[Brief descriptive captions]
******

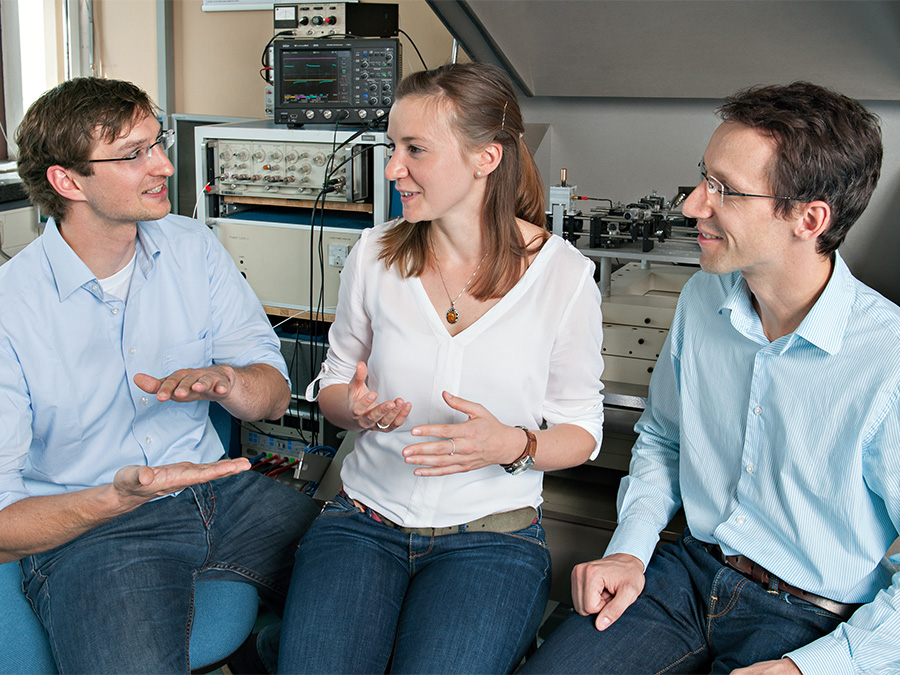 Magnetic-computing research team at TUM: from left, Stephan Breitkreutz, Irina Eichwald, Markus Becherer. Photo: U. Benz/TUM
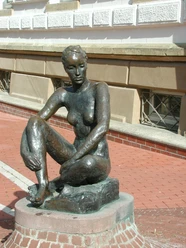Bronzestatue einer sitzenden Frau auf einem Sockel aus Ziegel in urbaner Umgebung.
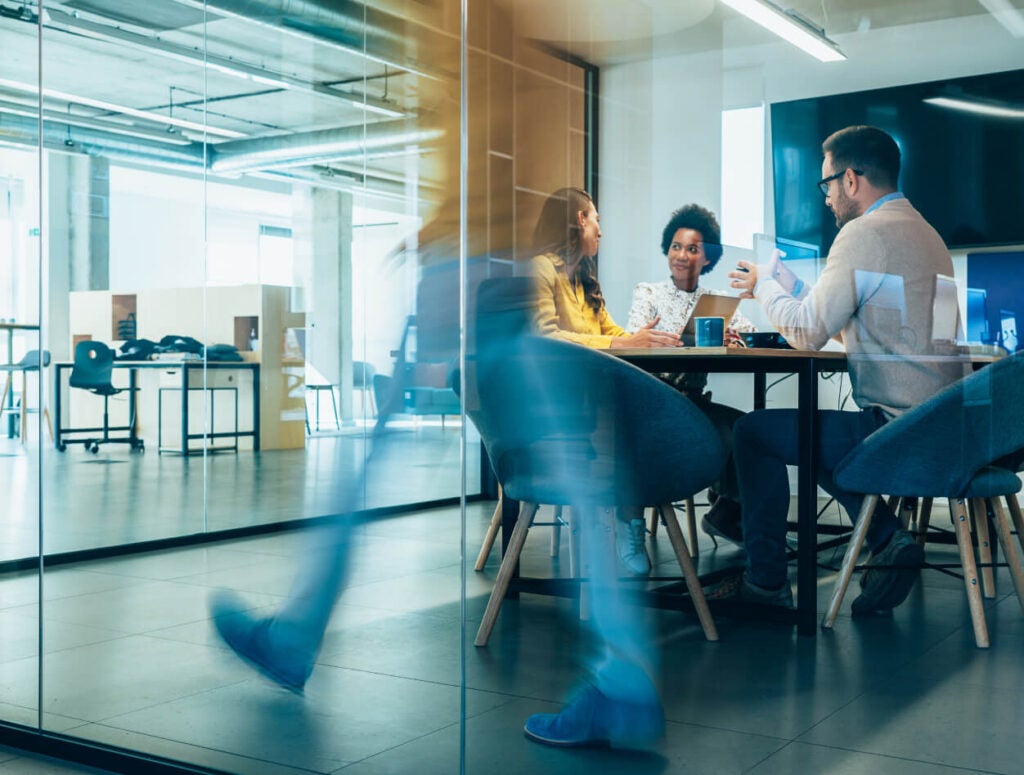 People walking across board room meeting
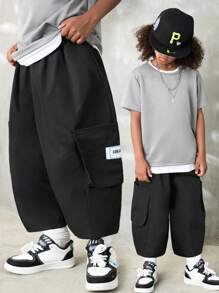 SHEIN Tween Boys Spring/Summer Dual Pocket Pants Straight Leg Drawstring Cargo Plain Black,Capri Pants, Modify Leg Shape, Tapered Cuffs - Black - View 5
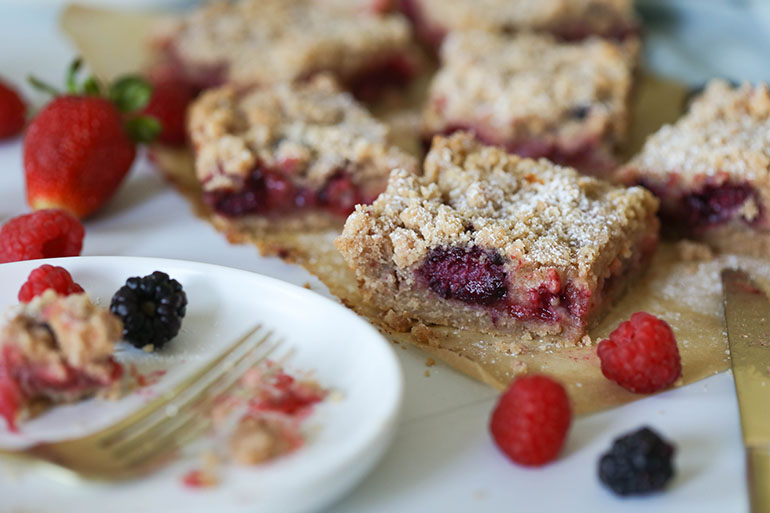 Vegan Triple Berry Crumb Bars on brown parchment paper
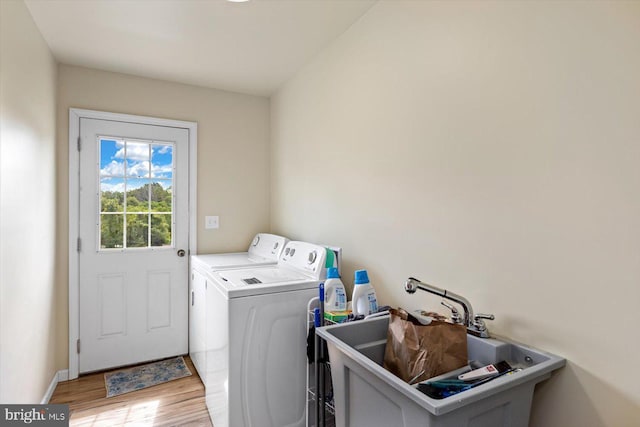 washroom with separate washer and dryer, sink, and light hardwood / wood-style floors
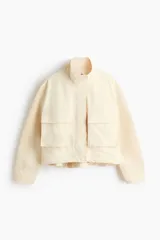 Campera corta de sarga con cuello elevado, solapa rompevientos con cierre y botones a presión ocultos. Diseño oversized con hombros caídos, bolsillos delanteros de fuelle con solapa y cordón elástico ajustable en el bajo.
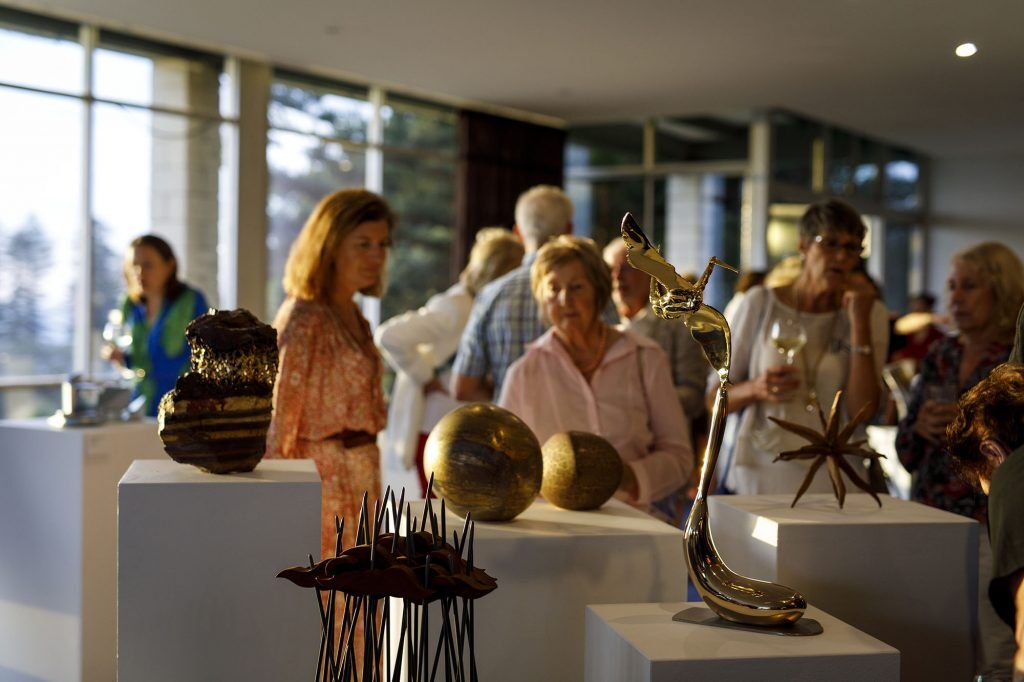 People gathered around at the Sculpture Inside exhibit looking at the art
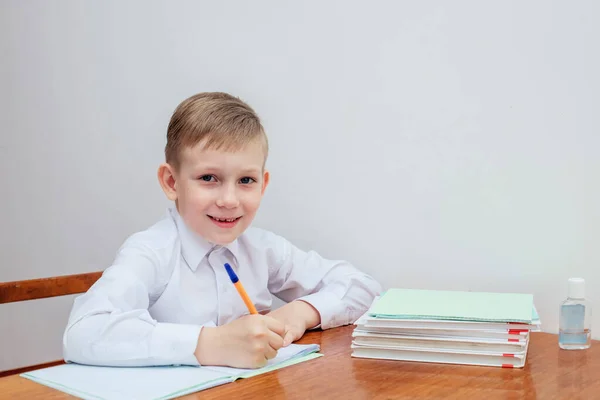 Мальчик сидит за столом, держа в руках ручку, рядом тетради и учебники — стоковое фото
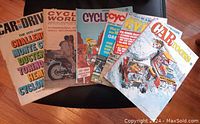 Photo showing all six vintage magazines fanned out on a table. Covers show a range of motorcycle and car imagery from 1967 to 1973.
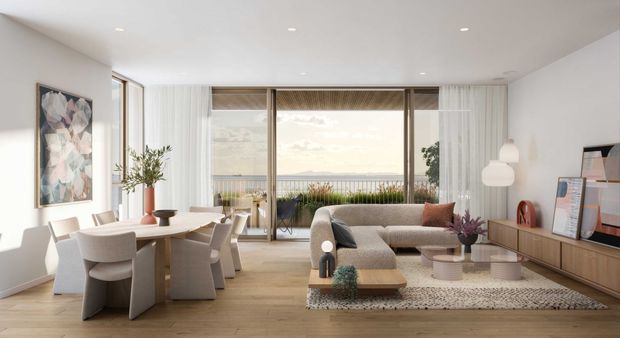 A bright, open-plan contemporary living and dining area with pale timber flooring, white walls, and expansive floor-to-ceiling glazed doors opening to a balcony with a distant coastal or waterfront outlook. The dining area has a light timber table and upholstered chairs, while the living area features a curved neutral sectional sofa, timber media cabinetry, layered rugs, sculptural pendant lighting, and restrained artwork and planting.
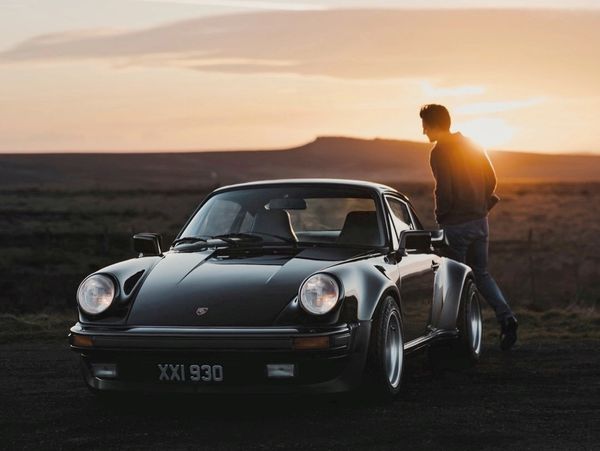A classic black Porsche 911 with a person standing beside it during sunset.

******

▶ **Activity**
Set down the records precisely as they appear. Any picture stays out.

▶ **Expected answer**
 Magnetic-computing research team at TUM: from left, Stephan Breitkreutz, Irina Eichwald, Markus Becherer. Photo: U. Benz/TUM
Bronzestatue einer sitzenden Frau auf einem Sockel aus Ziegel in urbaner Umgebung.
 People walking across board room meeting
 SHEIN Tween Boys Spring/Summer Dual Pocket Pants Straight Leg Drawstring Cargo Plain Black,Capri Pants, Modify Leg Shape, Tapered Cuffs - Black - View 5
 Vegan Triple Berry Crumb Bars on brown parchment paper
 washroom with separate washer and dryer, sink, and light hardwood / wood-style floors
 Campera corta de sarga con cuello elevado, solapa rompevientos con cierre y botones a presión ocultos. Diseño oversized con hombros caídos, bolsillos delanteros de fuelle con solapa y cordón elástico ajustable en el bajo.
 People gathered around at the Sculpture Inside exhibit looking at the art
 Мальчик сидит за столом, держа в руках ручку, рядом тетради и учебники — стоковое фото
 Photo showing all six vintage magazines fanned out on a table. Covers show a range of motorcycle and car imagery from 1967 to 1973.
 A bright, open-plan contemporary living and dining area with pale timber flooring, white walls, and expansive floor-to-ceiling glazed doors opening to a balcony with a distant coastal or waterfront outlook. The dining area has a light timber table and upholstered chairs, while the living area features a curved neutral sectional sofa, timber media cabinetry, layered rugs, sculptural pendant lighting, and restrained artwork and planting.
A classic black Porsche 911 with a person standing beside it during sunset.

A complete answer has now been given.